The mental aspect cannot be ignored. He knows who he was traded for and what the fans and large factions of the media said when the trade was made. He’s hearing the whispers and seeing the laments. Demoting him, trading him in a housecleaning, rebuilding – none of this is going to happen. Rather than repeat the same pattern that achieves nothing but validate an entrenched confirmation bias, live with what the Mets have and ignore what they traded away.

Dom Smith must play

Certainly, no one is expecting Smith to maintain his basic statistical split of .354/.442/.573. Nor can anyone believe that his advanced statistics of wRC+ of 174 is sustainable. His BAbip is an absurd .417. He’s only had 95 plate appearances, so he’s going to fall back to earth. The only question is whether the landing will be soft and he’ll settle into his minor league splits of .295/.360/.425 or it will be a crash landing of his previous non-production in the majors.
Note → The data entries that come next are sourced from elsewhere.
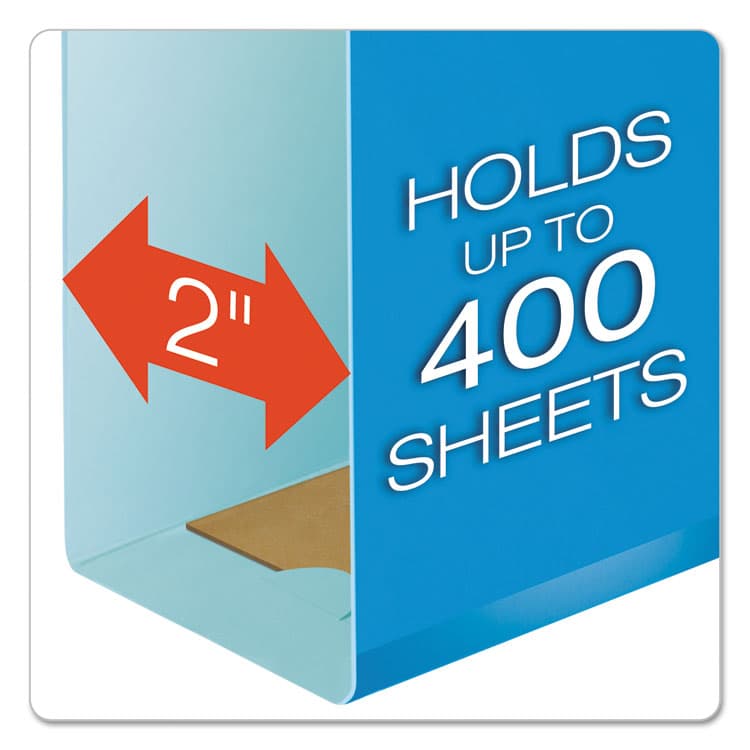 TOPS BUSINESS FORMS Extra Capacity Reinforced Hanging File Folders with Box Bottom, 2" Capacity, Legal Size, 1/5-Cut Tabs, Blue, 25/Box (PFX4153X2BLU) thumbnail 2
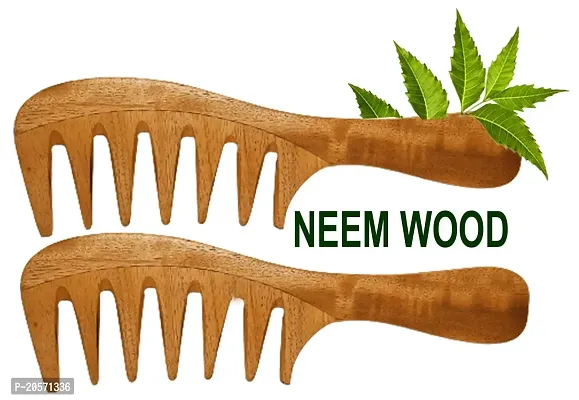 Wooden Comb Set for Women | Hair Growth | Anti Dandruff | Neem Wood Detangler Hair Comb-thumb0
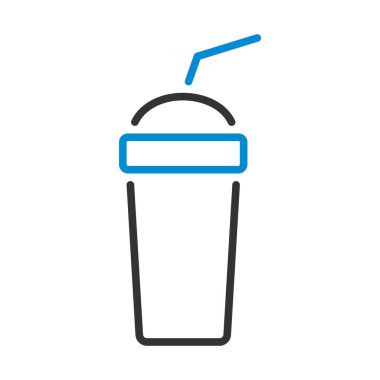 Tek kullanımlık soda bardağı ve esnek çubuk ikonu. Renk Doldurma Tasarımı ile Düzenlenebilir Kalın Tasarım. Vektör İllüstrasyonu.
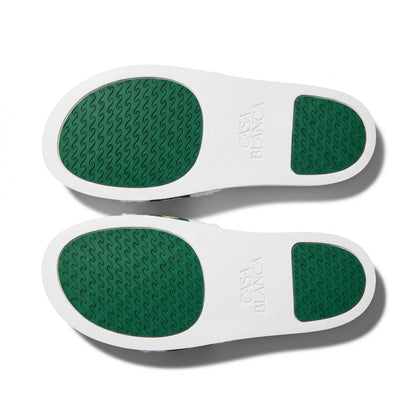 Casablanca Embroidered Terry Cloth Slides – White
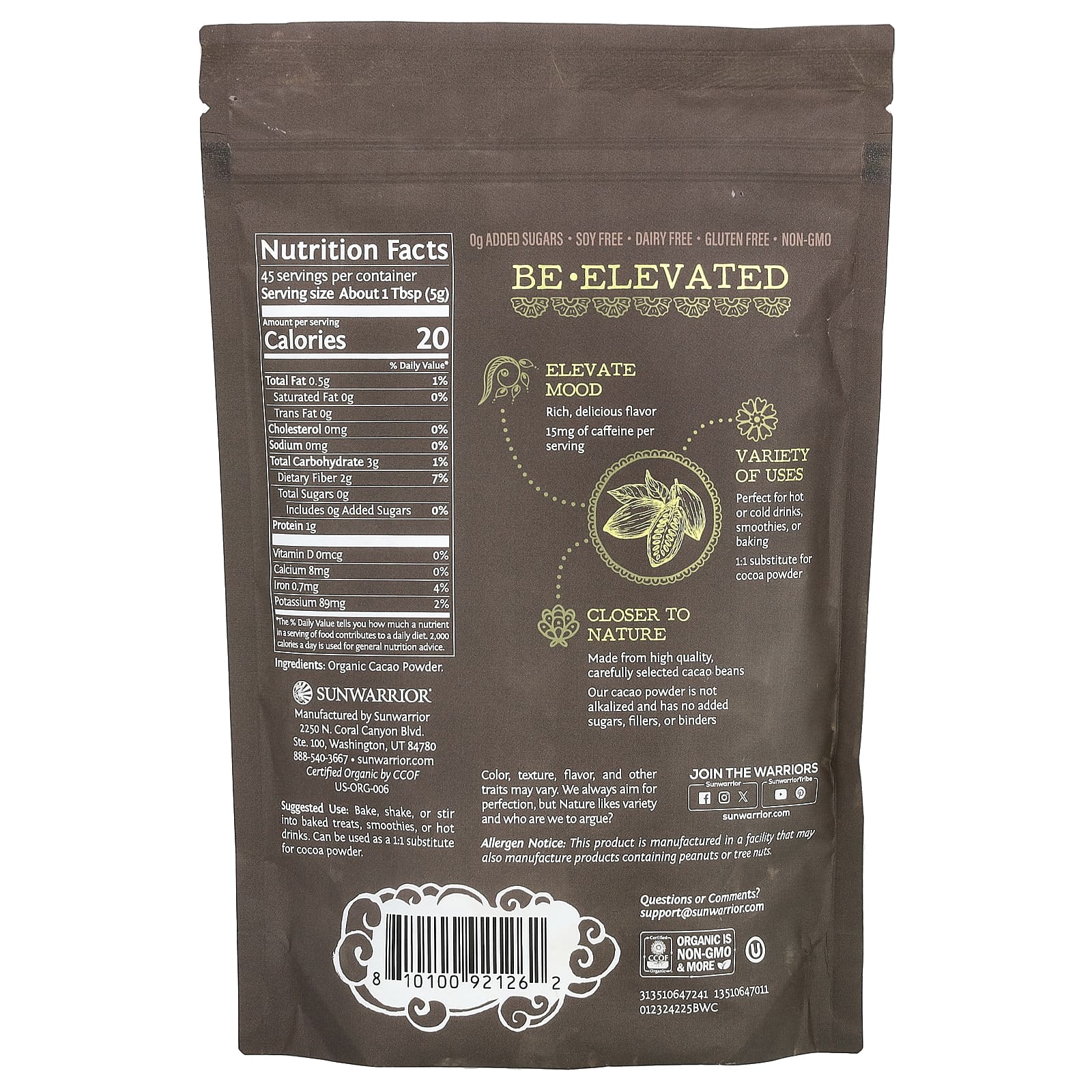 Sunwarrior, Be Well, органическое какао, 225 г (7,9 унции)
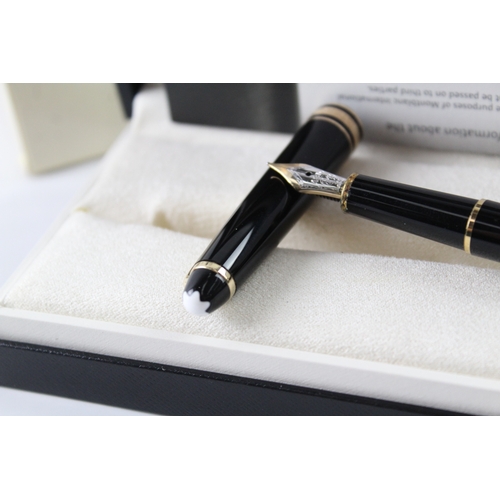 460 - Montblanc Meisterstuck Black Fountain Pen w/ 14ct White Gold Nib WRITING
The Mets have openly said they’re not writing lineups based on contracts or veteran status. Smith has played left field adequately. Once Brandon Nimmo and Robinson Cano return, that should not impact whether Smith is in the semi-regular lineup. If that means putting into practice the recent suggestion of Jeff McNeil seeing some time in center field, so be it. If Cano and Nimmo are unhappy about it, it’s simple: When you play, hit. If you don’t hit, you don’t play. If that means Cano will sit if he’s not hitting, he’ll need to sit without complaint.

They must buy – within reason – at the trade deadline.

As mentioned earlier, the idea of a gutting and rebuild is a fantasy from those who have:

A) never run a business

B) are harboring dreams – as inexplicable as they are – that losing 100 games for three years automatically results in a dynasty

The Mets either need to be bold at the trade deadline and add or essentially stand pat and wait for the offseason to make radical changes (that will not include a gutting rebuild).

The Atlanta Braves have been playing excellently and were aggressive in signing Dallas Keuchel.

The Philadelphia Phillies are ravaged by injuries and, with a flurry of trades and roster shuffling, are repeating the same failed blueprint from 2018 when they made panicky maneuvers to fix a flat tire by buying a new car.

The entire National League is flawed. With the Mets’ moves in the winter designed to win right now, they can’t do an about face and sell the likes of Zack Wheeler and Todd Frazier to look toward 2020 and beyond unless they completely collapse and fall double-digits out of the division lead and Wild Card spots.

What is buying “within reason?”

It doesn’t mean gutting the farm system for a rental. It does mean looking for upgrades at positions of need with relievers Brad Hand of the Cleveland Indians, Will Smith of the San Francisco Giants and Cam Bedrosian of the Los Angeles Angels of Anaheim. They cannot sit on the sidelines and expect different results from similar strategies used in the past of waiting out injured players and expecting them to be comparable to deadline acquisitions as they did with Wheeler in 2016, Yoenis Cespedes and Jed Lowrie.